For Beta 3, Shared Memory Extension is used on Solaris and Linux in the local display environment, resulting in better performance when rendering to the screen and to the images. When DGA is not available, toolkit images and images created with Component.createImage or GraphicsConfiguration.createCompatibleImage are stored in pixmaps instead of system memory, enabling faster copies to the screen using X protocol requests. You can override this behavior with the pmoffscreen runtime flag, described in the section Runtime Flag For Solaris and Linux .

Pixmaps that are not in shared memory might be stored in VRAM, which allows for fast copies to the screen, but reading from these images is very slow, as described in the section Accelerated-Image Reading Performance Improvements . Since Shared Memory Extension is now accessible in the local display environment, images that experience frequent reads can be stored in Shared Memory Pixmaps, which always reside in system memory. Java 2D can detect if an image is read from more frequently or copied from more frequently and can transfer the image to the appropriate memory. You can control which memory is used by setting the J2D_PIXMAPS environment variable described in section Environment Flag for Solaris and Linux .

Swing API Benefits

When using Swing in the SDK 1.4, you should notice better performance in many cases because Swing uses many of the Java 2D operations that were targeted for performance improvements for version 1.4. Because the rendering of Swing hierarchies relies heavily on common operations like setColor and Graphics.create, the invalidation and re-creation of rendering data caused poor repaint performance for many Swing applications. For this reason, Swing is a primary beneficiary of the reduced overhead resulting from the graphics pipeline improvements. Now that image data, such as color, is stored in a central, shared location, the many calls to setColor that Swing performs do not invalidate the pipeline, and thus do not result in worse performance for Swing applications. The process of creating and disposing of Graphics objects is also faster as a result of the general pipeline improvements. Since each subcomponent of a JComponent draws itself with a new Graphics object, a particular Swing application could create and dispose of many Graphics objects. The create and dispose operations now are much faster and produce less memory overhead.

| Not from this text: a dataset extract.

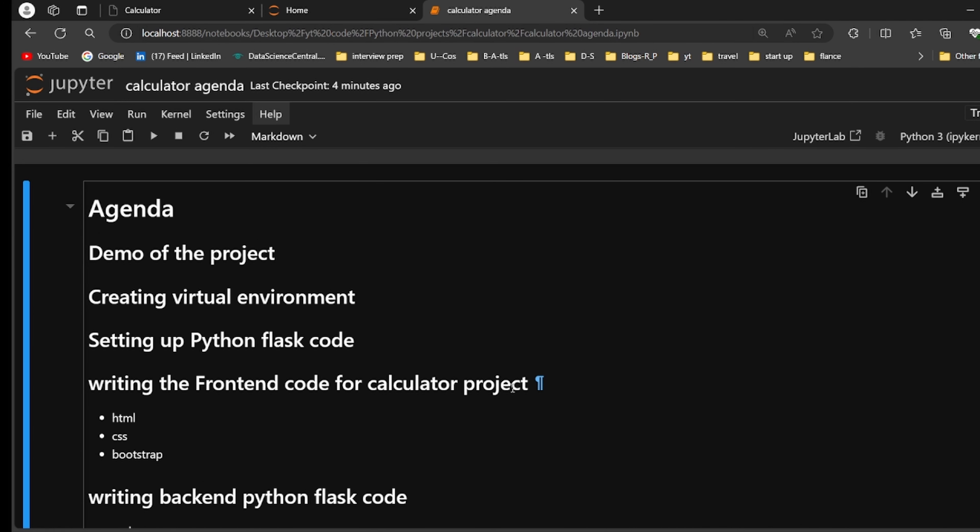Hello guys, welcome back to my YouTube channel Tech Audio. My name is Bharat Kumar. In this video we are going to do a calculator project using Python. If you are new to my YouTube channel, please hit the like button and also subscribe.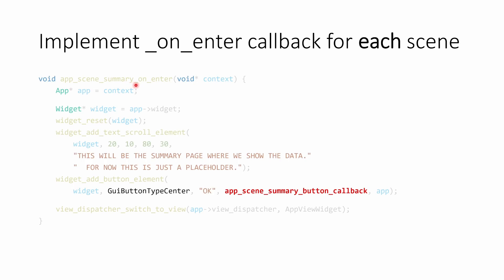We're going to take that context and cast it into our app object that we had defined in the previous video. Now that we have that app object, we're able to access our module, such as the widget or the knob. We're then going to set that module into a known state. So we're going to reset it.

Some Swing components allow you to scroll over a piece of data, such as an image or text. Often the scrolling destination overlaps the source, and in this case a copy is performed. Prior to version 1.4, the information would be copied to an intermediate buffer and then copied to the screen. These copies now occur in place, thereby avoiding the extra memory allocation and garbage collection associated with an intermediate buffer.

The new access to hardware acceleration for offscreen images has also dramatically improved Swing performance. Since Swing uses double buffering by default, Swing applications will generally perform better because of off-screen image acceleration. Swing performance on remote X is also improved because the backbuffer that Swing uses for double buffering is stored on the server side, thereby avoiding a network copy of the backbuffer every time the screen is repainted. For more information on the remote X improvements see the Remote X Server Performance Improvements section. See the next section for more information on hardware acceleration for off-screen images.

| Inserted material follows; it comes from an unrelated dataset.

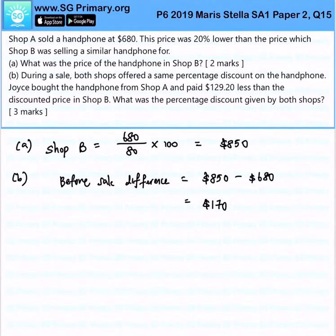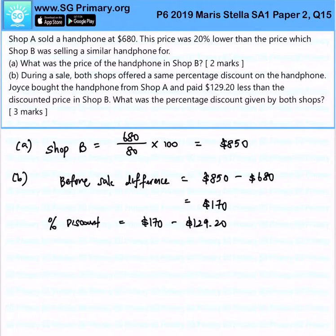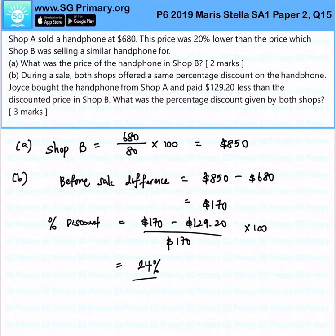The percentage discount is calculated as: (170 minus 129.20) divided by 170, times 100. So the percentage discount given by both shops is 24%.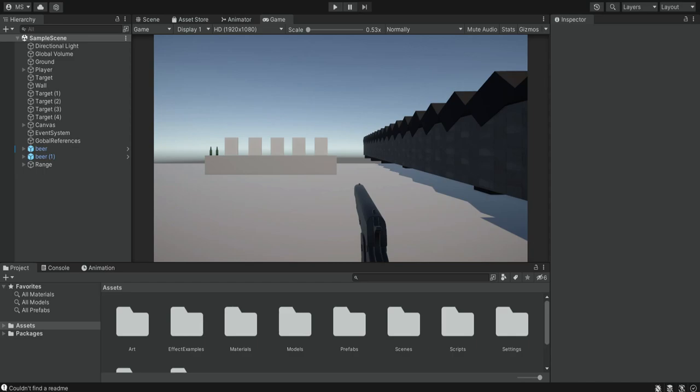Hello there and welcome. In the previous episode we added our first weapon model, so now we have this pistol. In this episode we're going to add a few things to the pistol to make it feel and look better when we shoot.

Hardware Acceleration for Offscreen Images

Java 2D provides access to hardware acceleration for offscreen images, resulting in better performance of rendering to and copying from these images. On win32 hardware acceleration is achieved through DirectDraw, an API designed for giving applications direct access to video hardware memory and acceleration. On Linux and Solaris, offscreen images might be stored in a pixmap, which is an area of memory that is stored on the X server side of the network.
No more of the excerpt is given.